# Data excerpts:
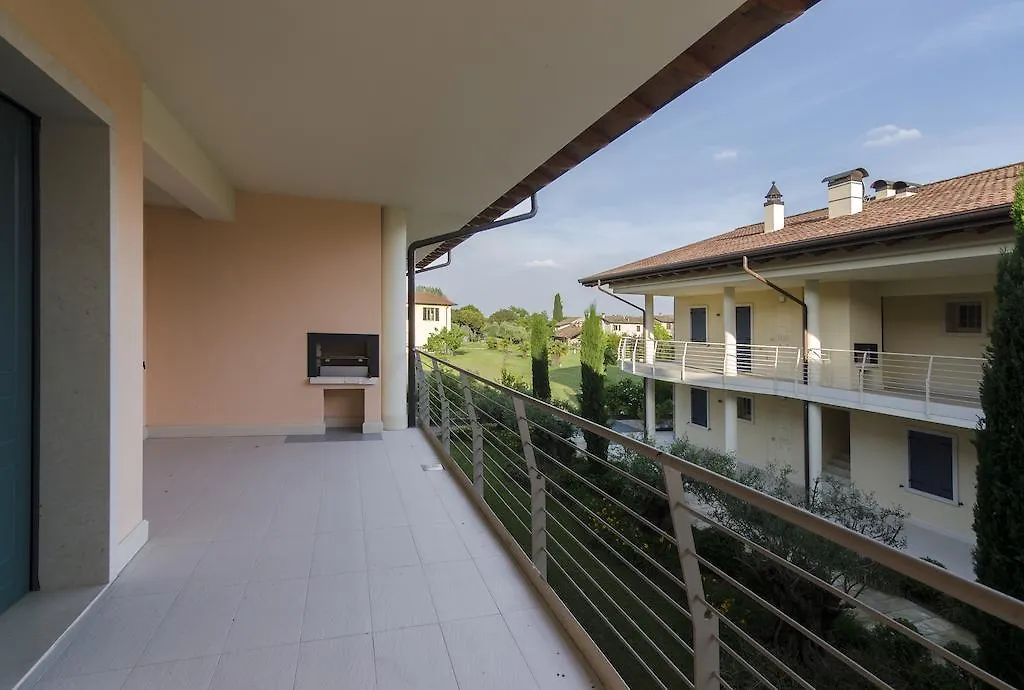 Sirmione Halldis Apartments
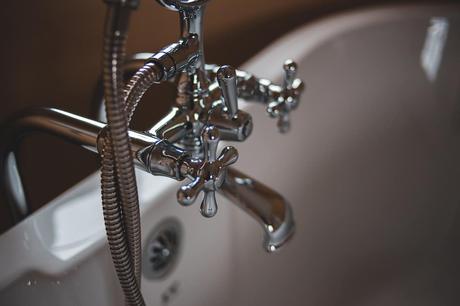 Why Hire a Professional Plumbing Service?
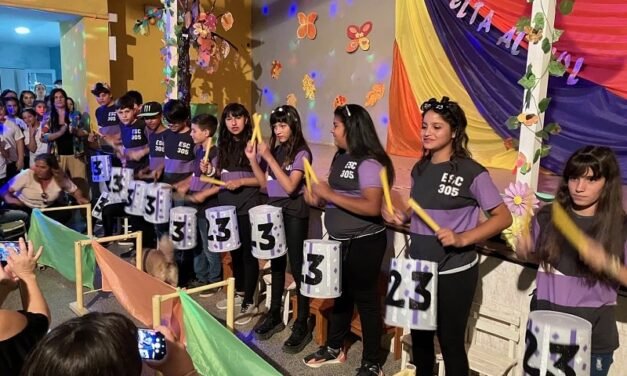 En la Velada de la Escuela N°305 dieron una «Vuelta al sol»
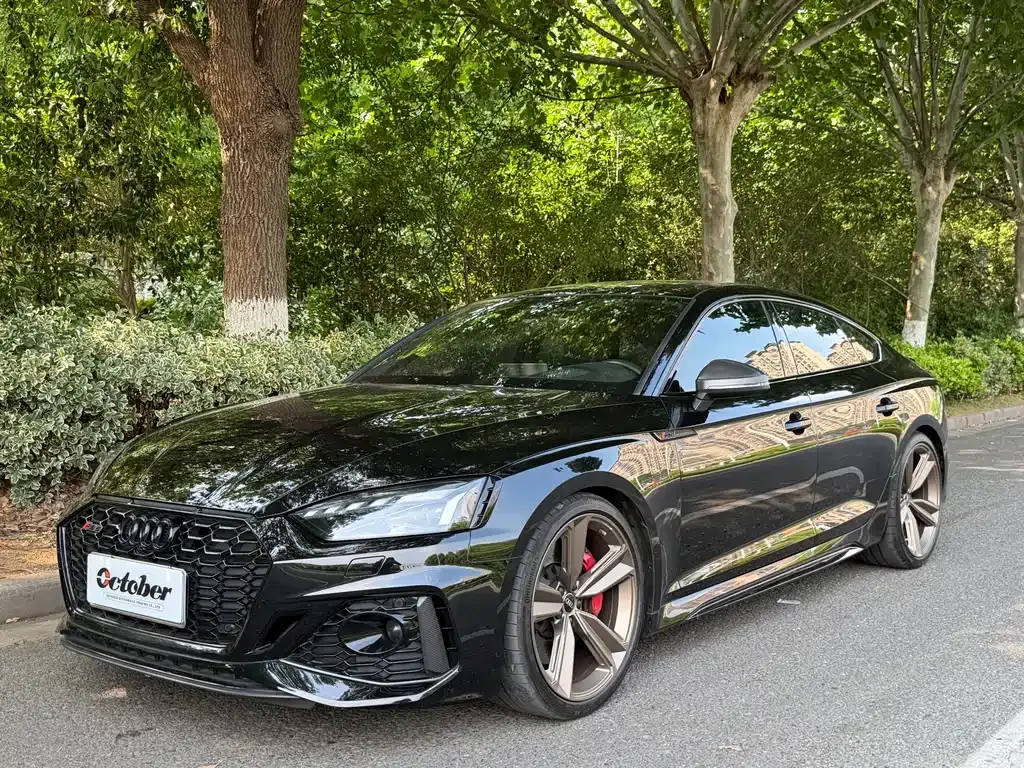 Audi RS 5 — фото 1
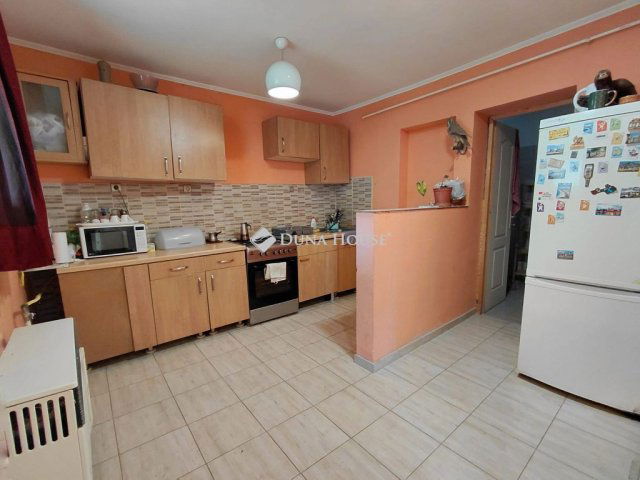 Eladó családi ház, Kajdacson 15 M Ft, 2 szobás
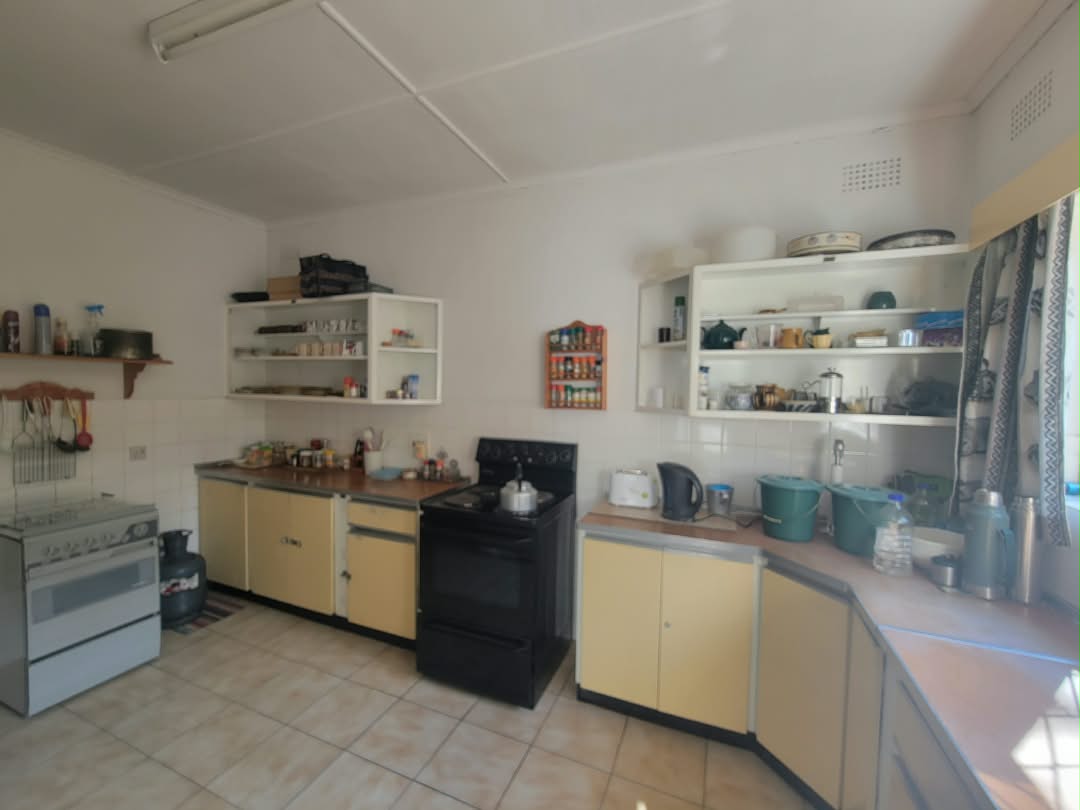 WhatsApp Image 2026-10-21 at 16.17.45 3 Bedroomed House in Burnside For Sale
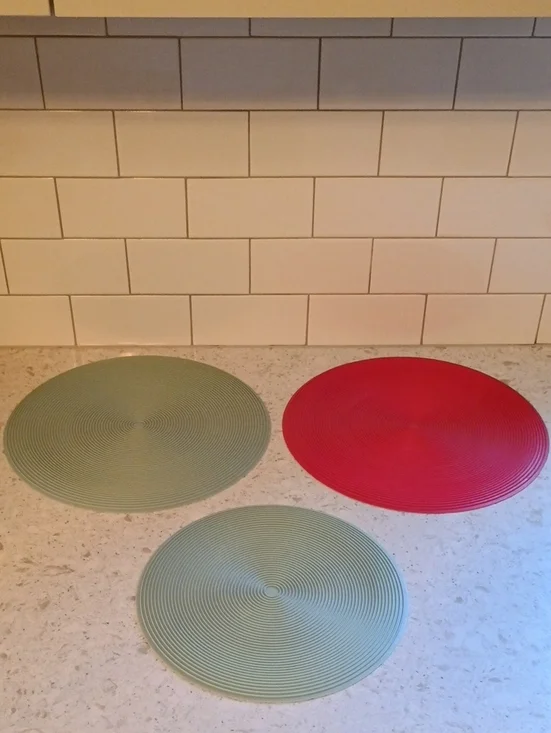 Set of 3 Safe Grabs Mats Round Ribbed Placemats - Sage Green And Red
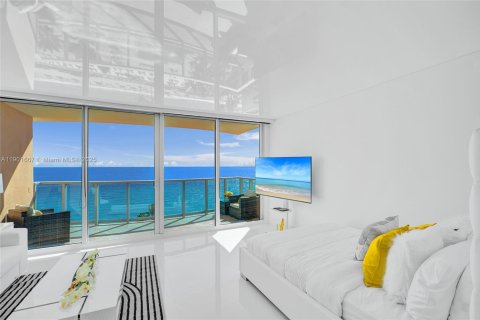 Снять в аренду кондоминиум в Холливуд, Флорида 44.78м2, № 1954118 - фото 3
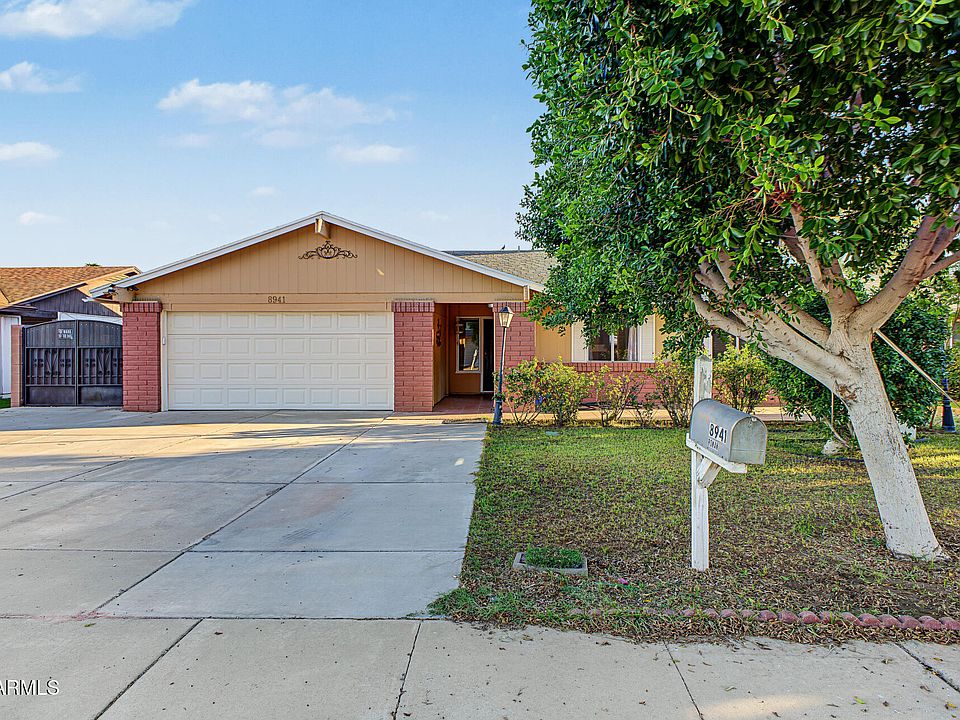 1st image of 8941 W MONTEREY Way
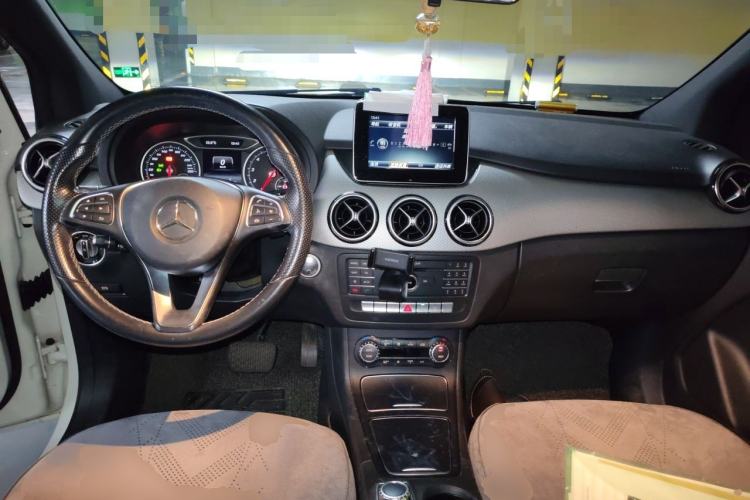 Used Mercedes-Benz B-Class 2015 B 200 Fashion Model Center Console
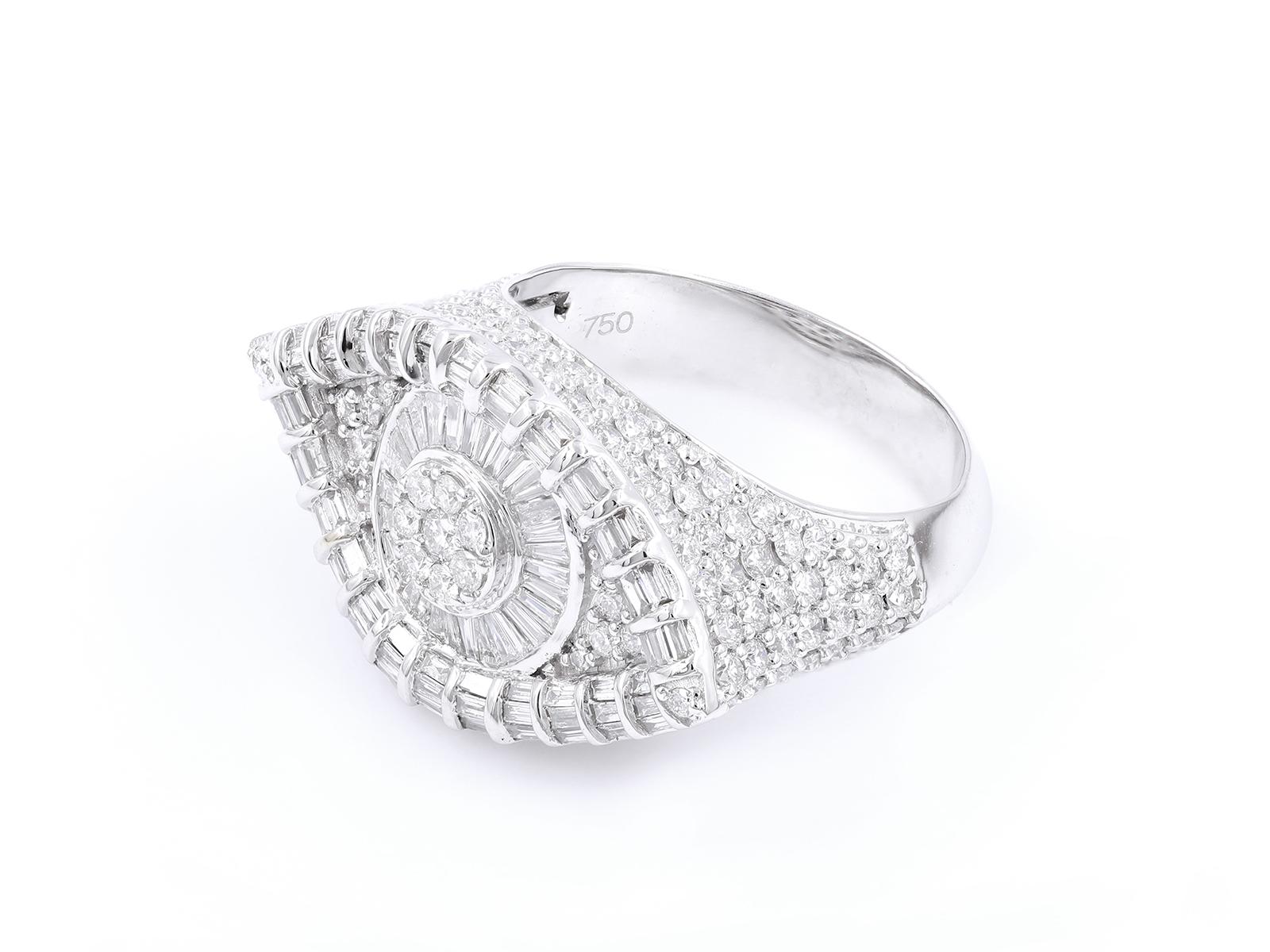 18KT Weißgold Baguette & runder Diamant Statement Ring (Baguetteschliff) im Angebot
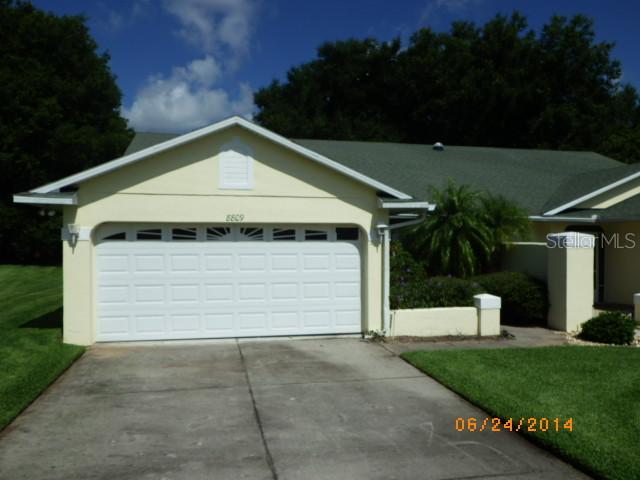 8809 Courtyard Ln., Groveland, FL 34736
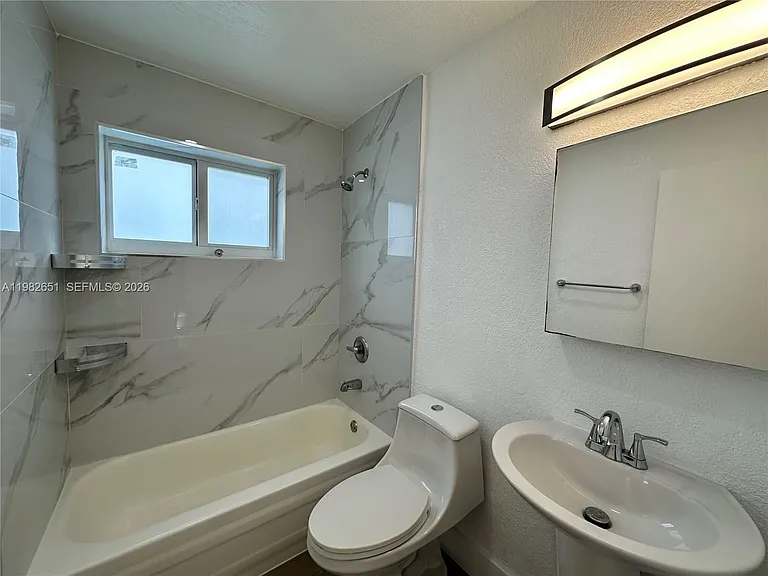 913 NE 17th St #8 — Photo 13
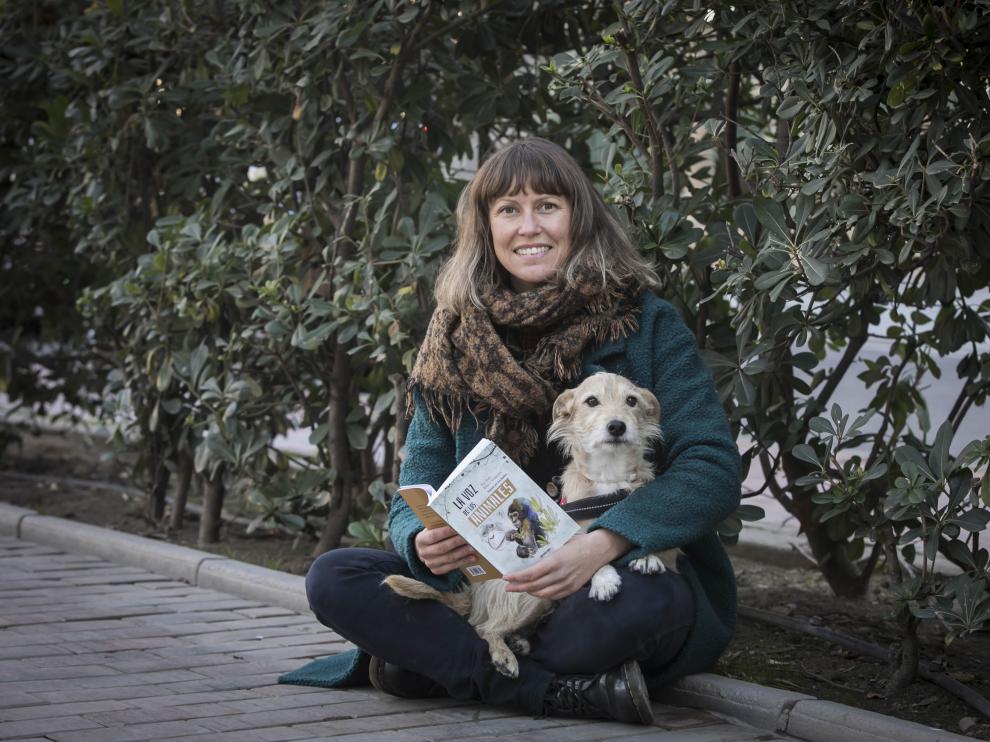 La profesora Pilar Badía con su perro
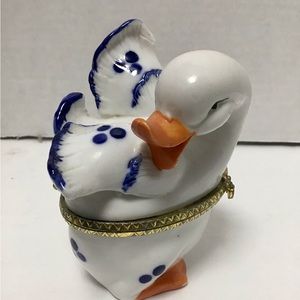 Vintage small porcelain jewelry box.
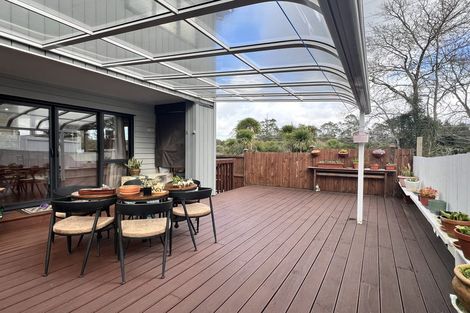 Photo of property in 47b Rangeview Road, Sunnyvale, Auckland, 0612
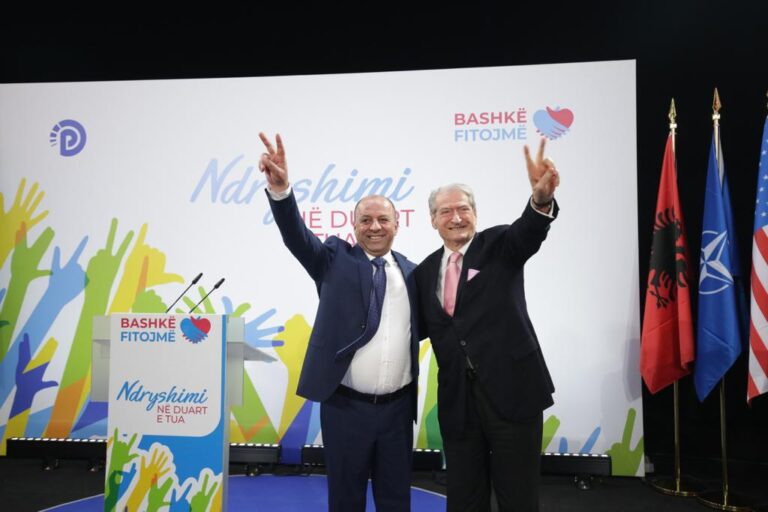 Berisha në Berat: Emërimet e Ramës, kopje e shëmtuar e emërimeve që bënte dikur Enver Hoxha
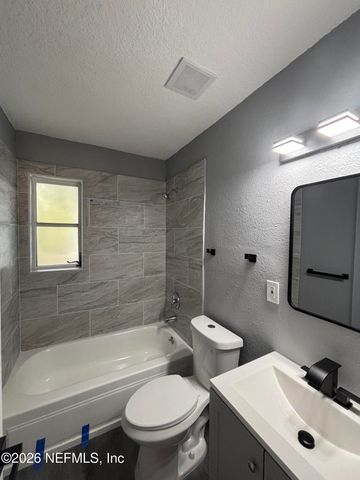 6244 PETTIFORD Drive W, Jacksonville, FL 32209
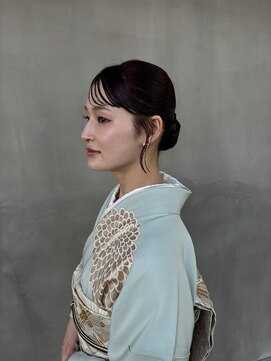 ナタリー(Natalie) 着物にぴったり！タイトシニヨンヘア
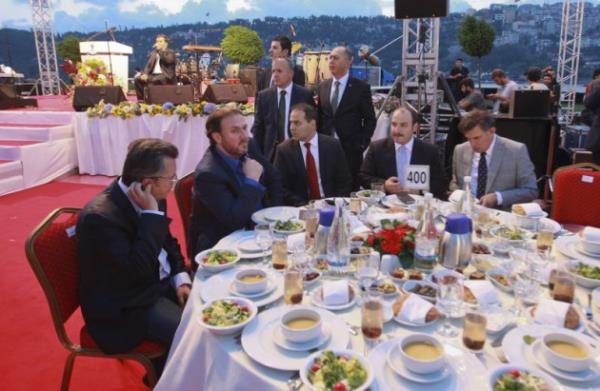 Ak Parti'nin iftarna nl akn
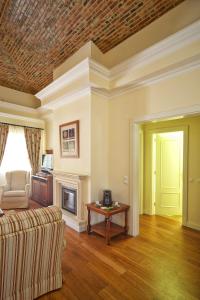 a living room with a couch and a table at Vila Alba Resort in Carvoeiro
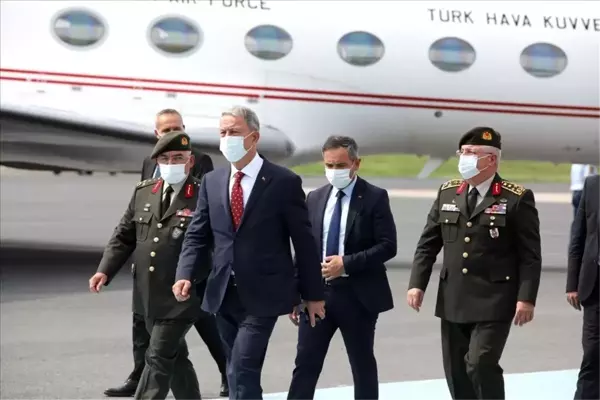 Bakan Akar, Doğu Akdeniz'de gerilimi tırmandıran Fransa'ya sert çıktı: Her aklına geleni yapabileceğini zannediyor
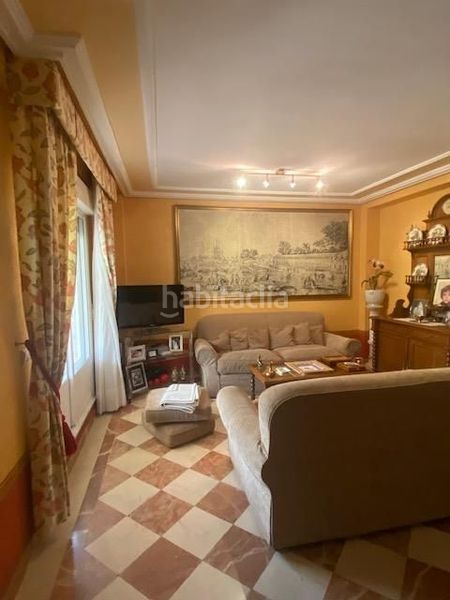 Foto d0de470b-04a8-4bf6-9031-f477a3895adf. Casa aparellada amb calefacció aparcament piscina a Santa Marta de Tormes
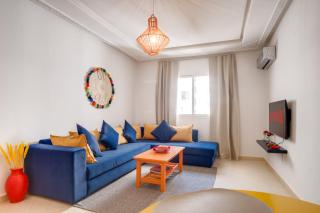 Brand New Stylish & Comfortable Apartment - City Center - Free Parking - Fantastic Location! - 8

# TASK PROMPT:
Through the line containing "WhatsApp Image 2026-10-21" and no further, restate the data above word for word from its first line, leaving out pictures.

# RESULT OF THE TASK:
 Sirmione Halldis Apartments
 Why Hire a Professional Plumbing Service?
 En la Velada de la Escuela N°305 dieron una «Vuelta al sol»
 Audi RS 5 — фото 1
 Eladó családi ház, Kajdacson 15 M Ft, 2 szobás
 WhatsApp Image 2026-10-21 at 16.17.45 3 Bedroomed House in Burnside For Sale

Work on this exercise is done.